## [Aim of the task]
Reproduce the records below exactly from their first line through the line containing "Leták Kaufland Polsko", omitting all pictures.

## [Information given]

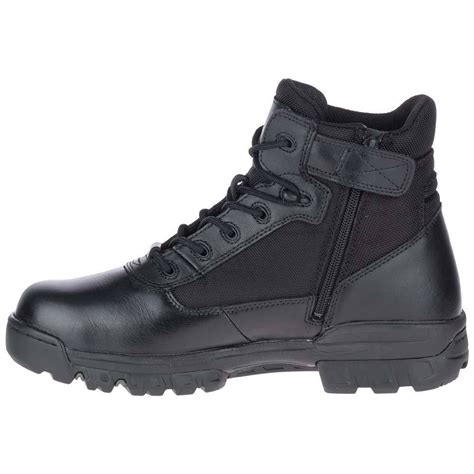 Bates Footwear Men's 5" Tactical Sport Side Zip Black Boot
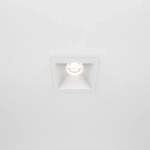 Встраиваемый светильник Альфа / Alfa LED 10 Вт 4000 К 36°, DL043-01-10W4K-SQ-W. TM Maytoni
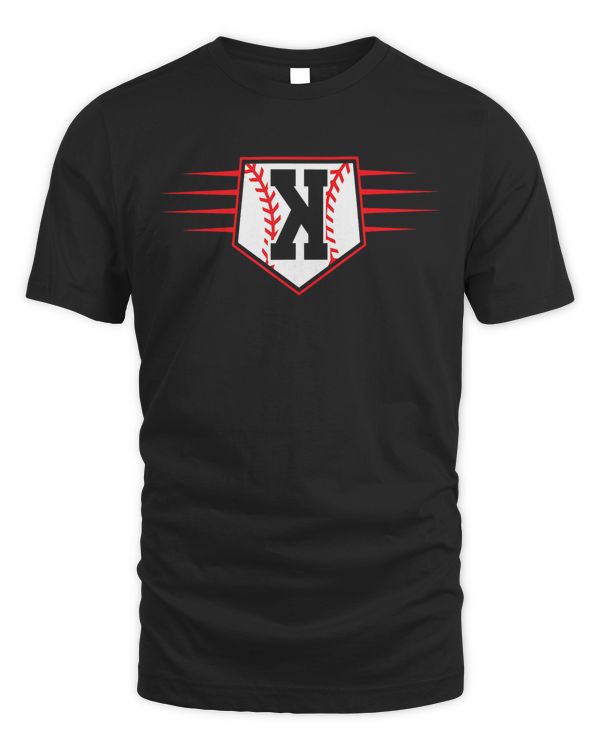Backwards K Baseball Pitcher Strikeout Graphic T-Shirt
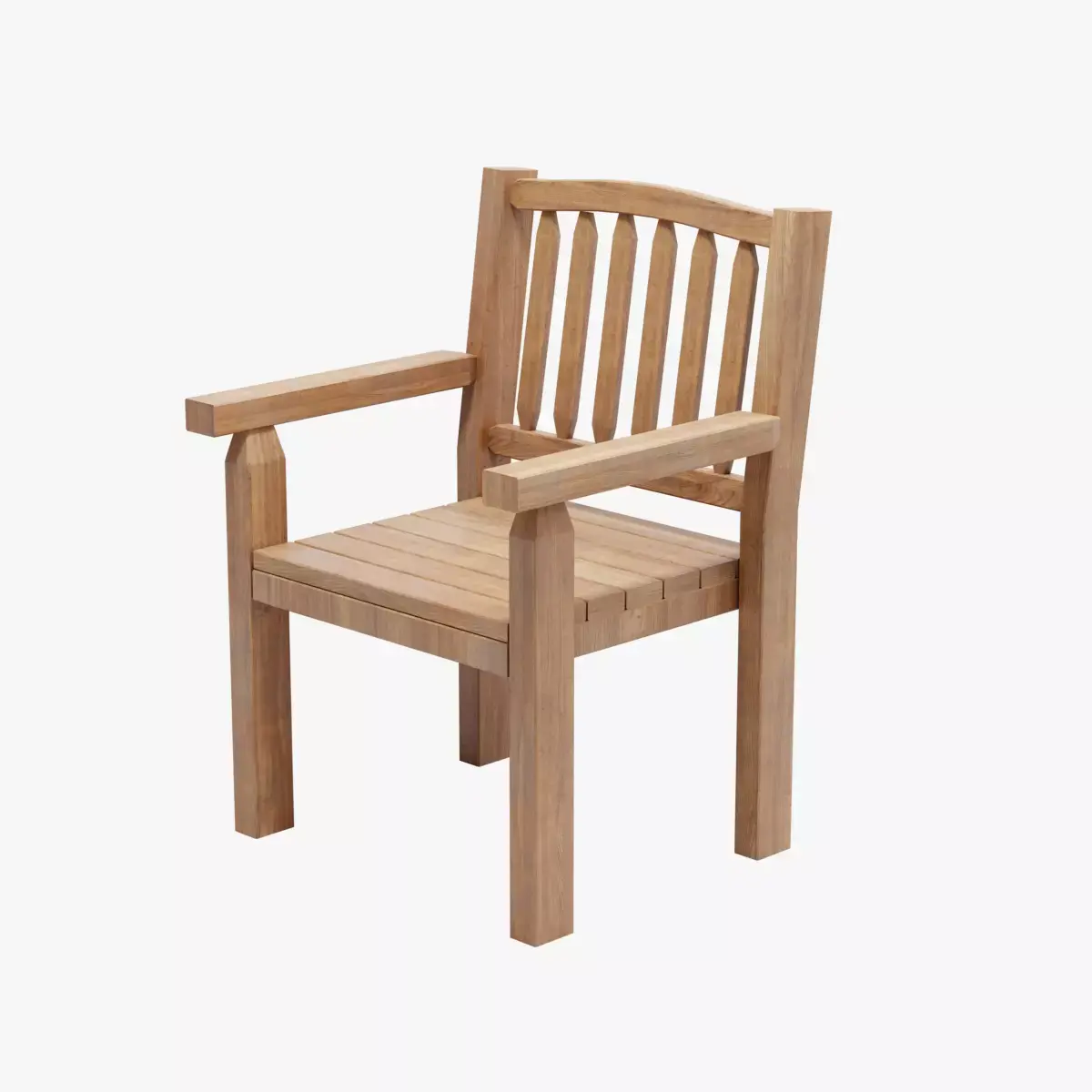 Tahawus Wooden Garden Chair 3D model
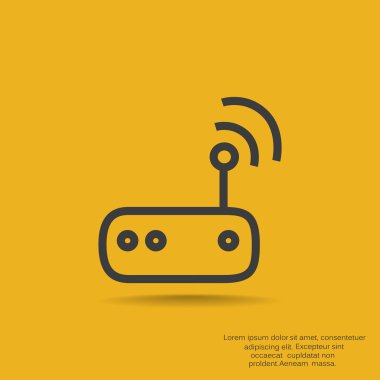 Wi-Fi Router simgesi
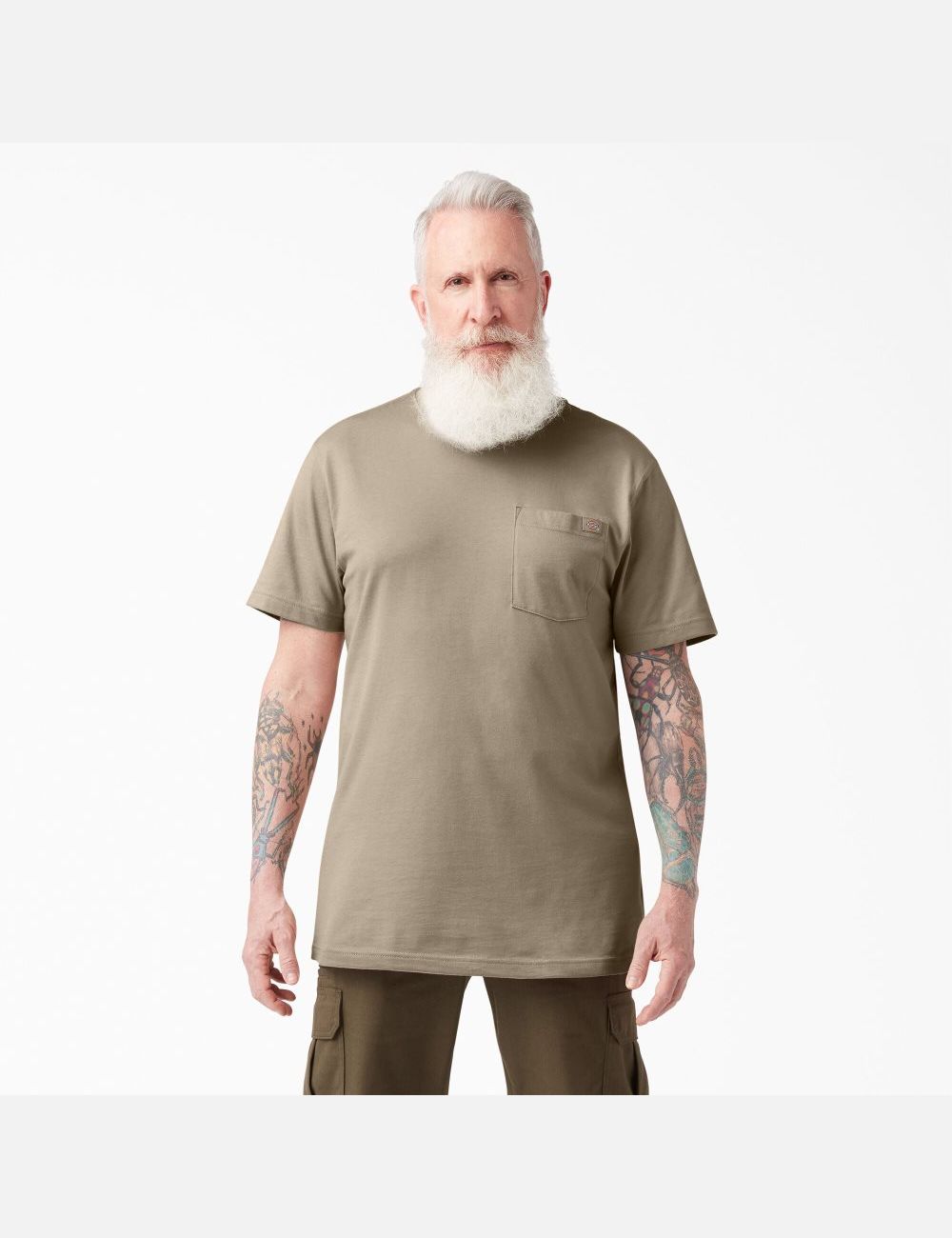 Desert Sand Dickies Short Sleeve Two Packs Shirts | 048TMPLSZ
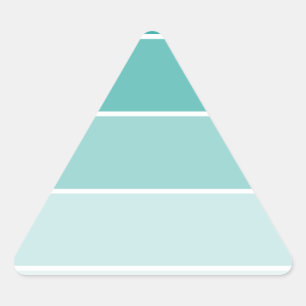 Pegatina Triangular Chip de pintura azul turquesa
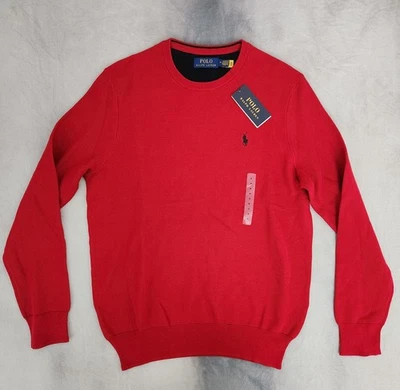 Suéter Pulôver Polo Ralph Lauren Vermelho Gola Redonda Masculino Tamanho Médio Novo - Imagem 1 de 4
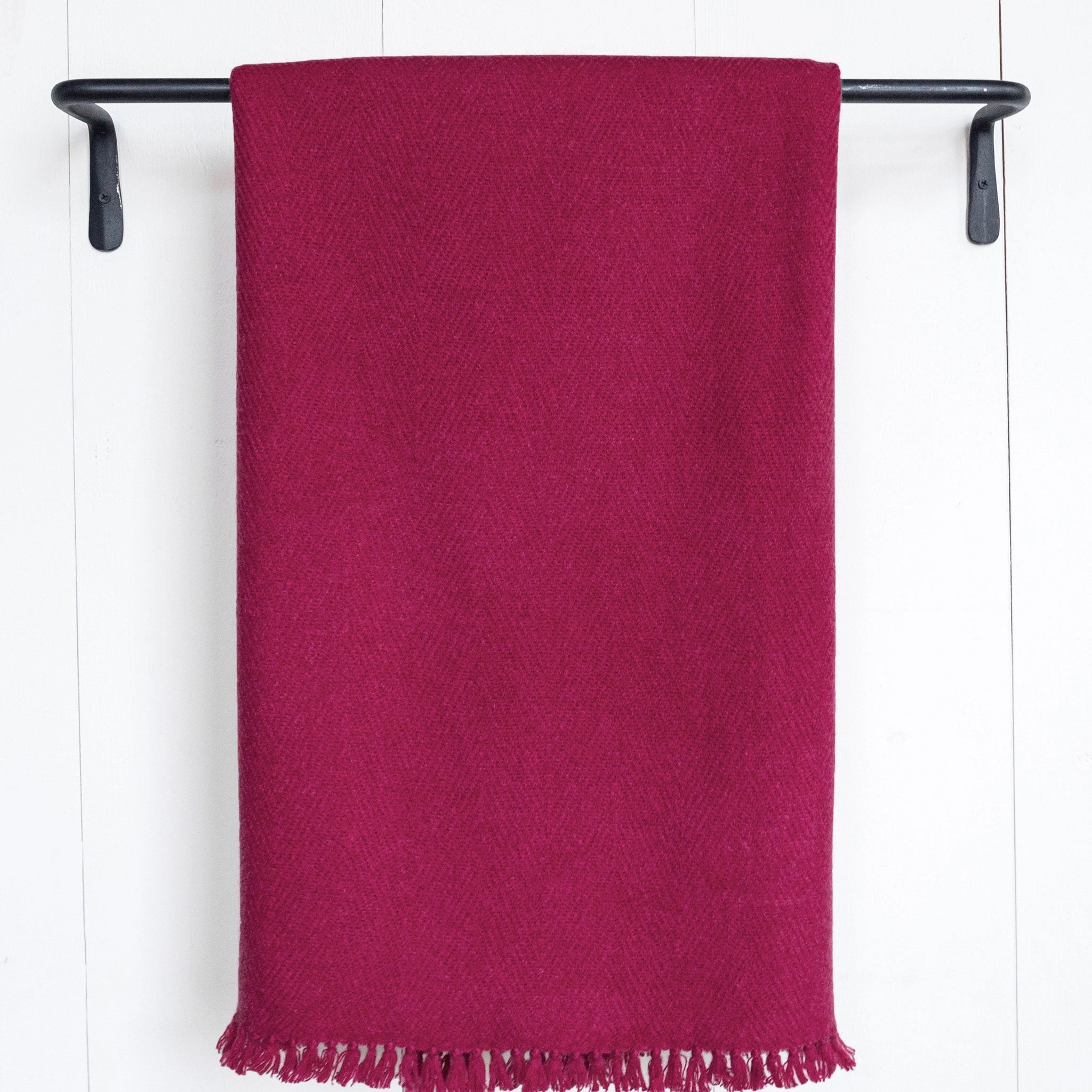 Dahlia Handwoven Cashmere Throw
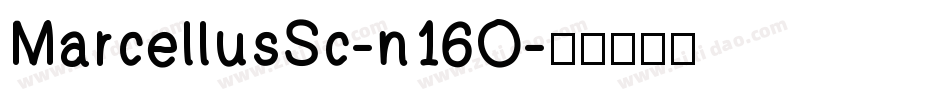 MarcellusSc-n16O字体转换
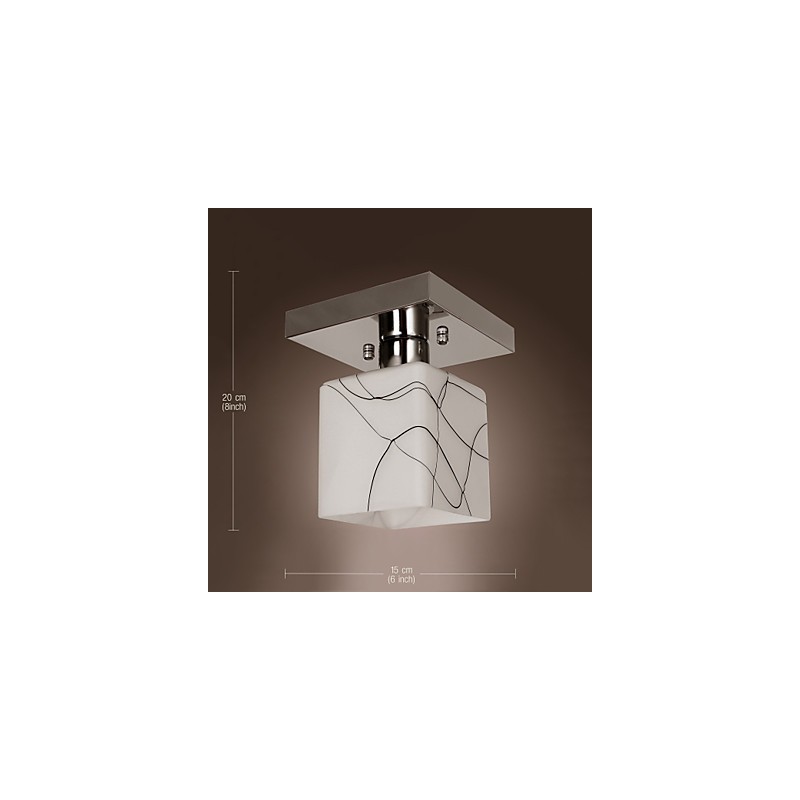Modern Contemporary Mini Style Electroplated Metal Flush Mount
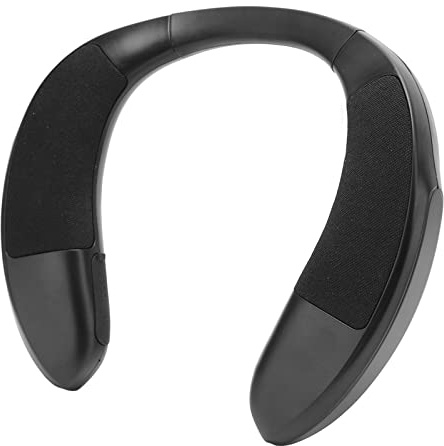 PUSOKEI Neckband Speaker Multifunction Hands Free Clear Calls Stereo Sound Bluetooth Wireless Wearable Speaker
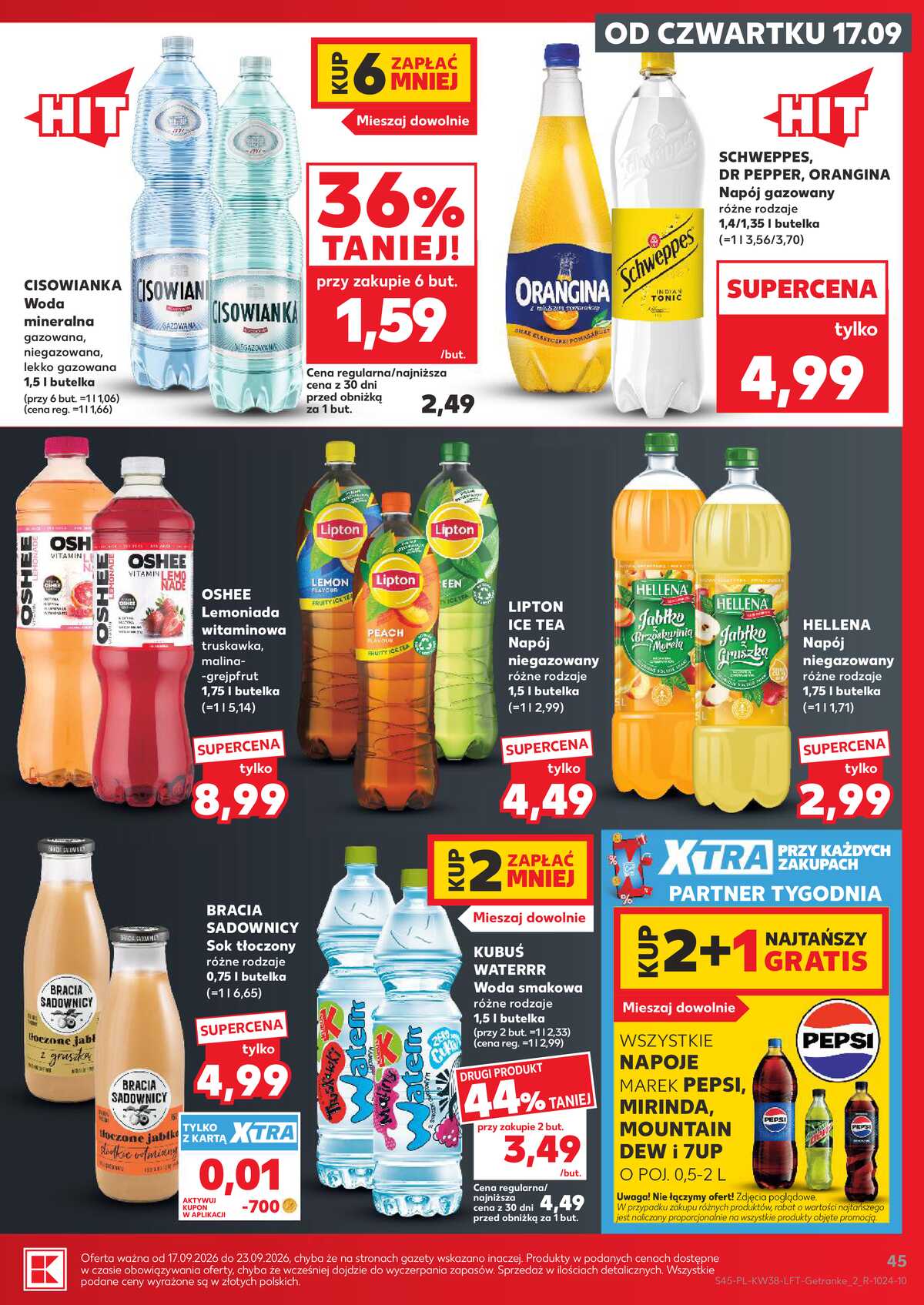 Leták Kaufland Polsko 17.9.-23.9.2026 - Týdenní zpravodaj strana 45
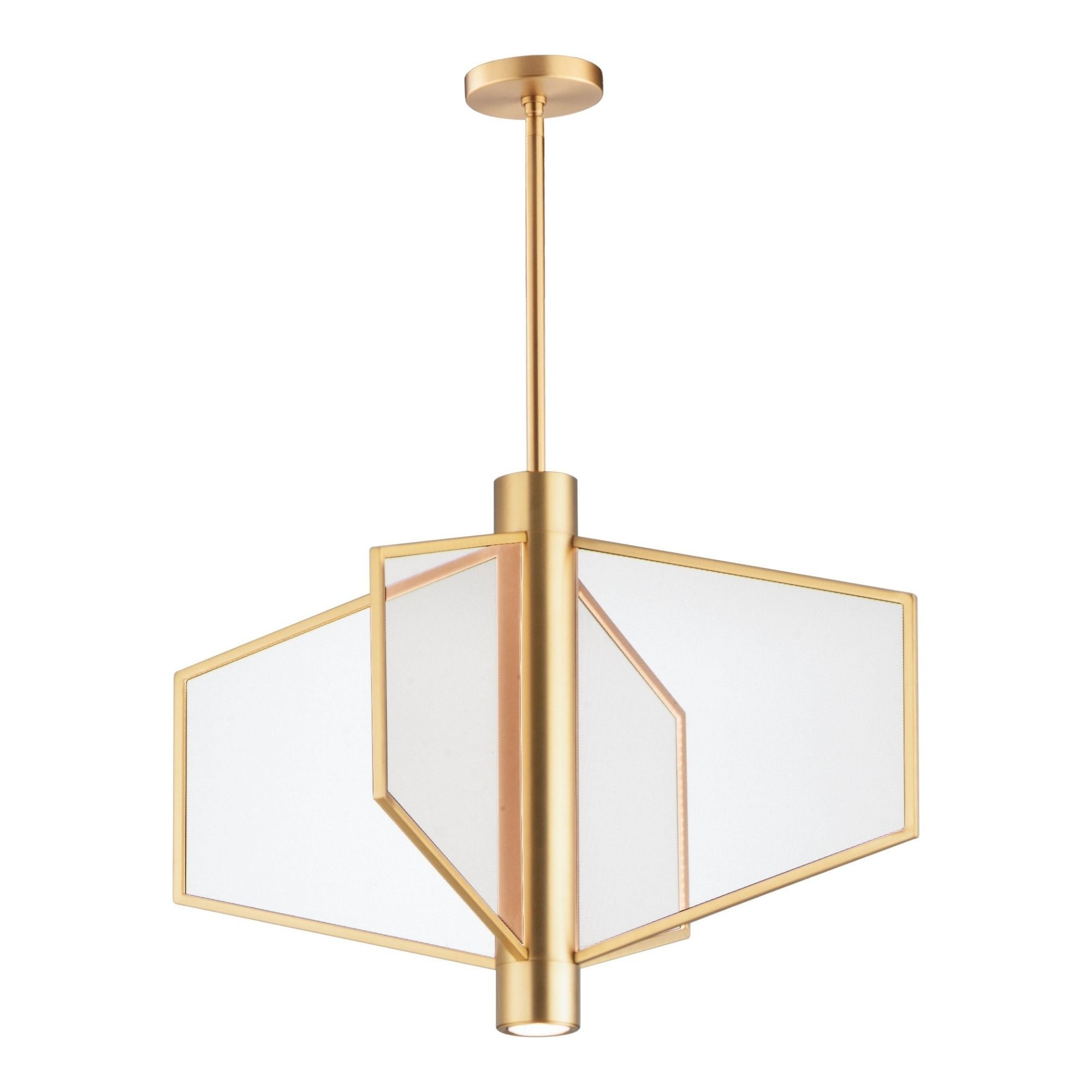 Telstar 26" Wide LED Pendant, Natural Aged Brass Finish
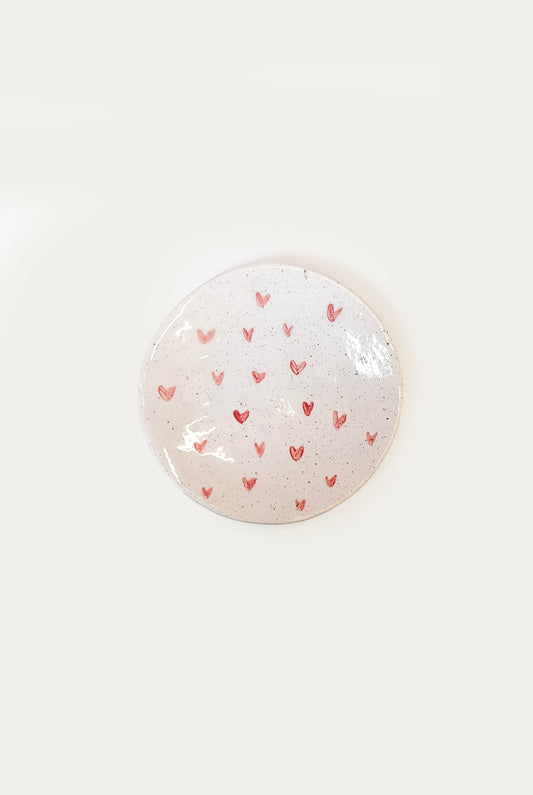 Sbrocca little hearts - Small ceramic plate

## [Response for this exercise]
 Bates Footwear Men's 5" Tactical Sport Side Zip Black Boot
 Встраиваемый светильник Альфа / Alfa LED 10 Вт 4000 К 36°, DL043-01-10W4K-SQ-W. TM Maytoni
Backwards K Baseball Pitcher Strikeout Graphic T-Shirt
 Tahawus Wooden Garden Chair 3D model
 Wi-Fi Router simgesi
 Desert Sand Dickies Short Sleeve Two Packs Shirts | 048TMPLSZ
 Pegatina Triangular Chip de pintura azul turquesa
 Suéter Pulôver Polo Ralph Lauren Vermelho Gola Redonda Masculino Tamanho Médio Novo - Imagem 1 de 4
 Dahlia Handwoven Cashmere Throw
 MarcellusSc-n16O字体转换
Modern Contemporary Mini Style Electroplated Metal Flush Mount
 PUSOKEI Neckband Speaker Multifunction Hands Free Clear Calls Stereo Sound Bluetooth Wireless Wearable Speaker
 Leták Kaufland Polsko 17.9.-23.9.2026 - Týdenní zpravodaj strana 45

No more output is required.